Predicting long-term production from shale gas reservoirs has been a major challenge for the petroleum industry. To better understand how production profiles are likely to evolve with time, we have conducted laboratory experiments examining the effects of confining stress and pore pressure on permeability. Experiments were carried out on intact core samples from the Barnett, Eagle Ford, Marcellus and Montney shale reservoirs. The methodology used to measure permeability allows us to separate the reduction of permeability with depletion (due to the resultant increase in effective confining stress) from the increase in permeability associated with Knudsen diffusion and molecular slippage (also known as Klinkenberg) effects at very low pore pressure. By separating these effects, we are able to estimate the relative contribution of both Darcy and diffusive fluxes to total flow in depleted reservoirs. Our data show that the effective permeability of the rock is significantly enhanced at very low pore pressures (<1000 psi) because of the slippage effects. We utilize the magnitude of the Klinkenberg effect to estimate the effective aperture of the flow paths within the samples, and compare these estimates to SEM image observations. Our results suggest effective flow paths to be on the order from tens of nanometers in most samples to 100–200 nanometers in a relatively high-permeability Eagle Ford sample. Finally, to gain insight on the scale dependence of permeability measurements, we crushed the same core plugs and measured permeability again at the particle scale. The results show much lower permeability than the intact core samples, with very little correlation to the measurements on the larger cores.
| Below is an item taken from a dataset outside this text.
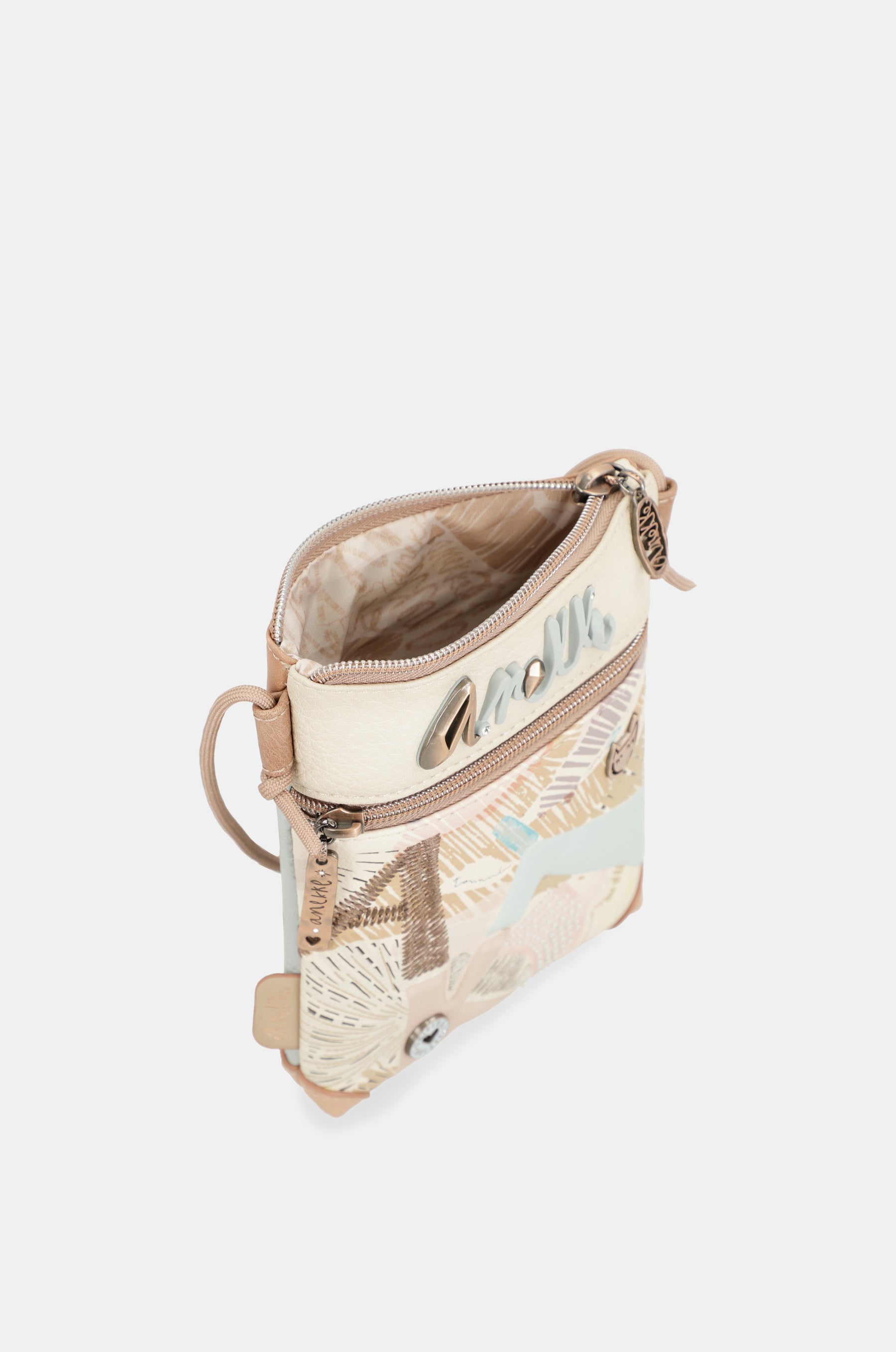 Passion mini crossbody bag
A common characteristic of all shale gas reservoirs is their extremely low intrinsic permeability. To produce gas at any significant rate, the rock must first be hydraulically fractured to expose additional surface area and provide greater contact with the reservoir. While fracture properties (both natural and induced) may dominate reservoir performance early in the life of a well, it is the matrix properties that control how a well will perform over longer periods of time. This study focuses on the fluid flow properties of the matrix.
Understanding in-situ matrix permeability and how it evolves with depletion is a major challenge to shale-gas-reservoir characterization and is essential for accurate production forecasting. Therefore, there have been many research efforts to date aimed at this topic. Several of these studies have involved measuring the impacts of stress on matrix permeability. For example, Bustin et al. (2008) measured the sensitivity of permeability to confining pressure at a single pore pressure. In contrast, Kang et al. (2010) measured sensitivity of permeability to pore pressure at a single confining pressure. Kwon et al. (2001) measured intact plug permeability over a range of both pore and confining pressures. Other efforts have aimed at profiling permeability along a well log or length of core. For example, Yang and Aplin (2009) developed a permeability porosity relationship for mudstones using a large permeability data set consisting of both measured values and estimates based on clay content and pore size distribution; however, they did not investigate confining and pore pressure effects. Clarkson et al. (2012) developed a method for profiling permeability along a shale core sample, which was calibrated using pulse permeability measurements on plugs. Finally, several studies have involved efforts to perform rapid permeability on crushed shale samples (GRI, 1989; Luffel et al., 1993; Egermann et al., 2003; Cui et al., 2009).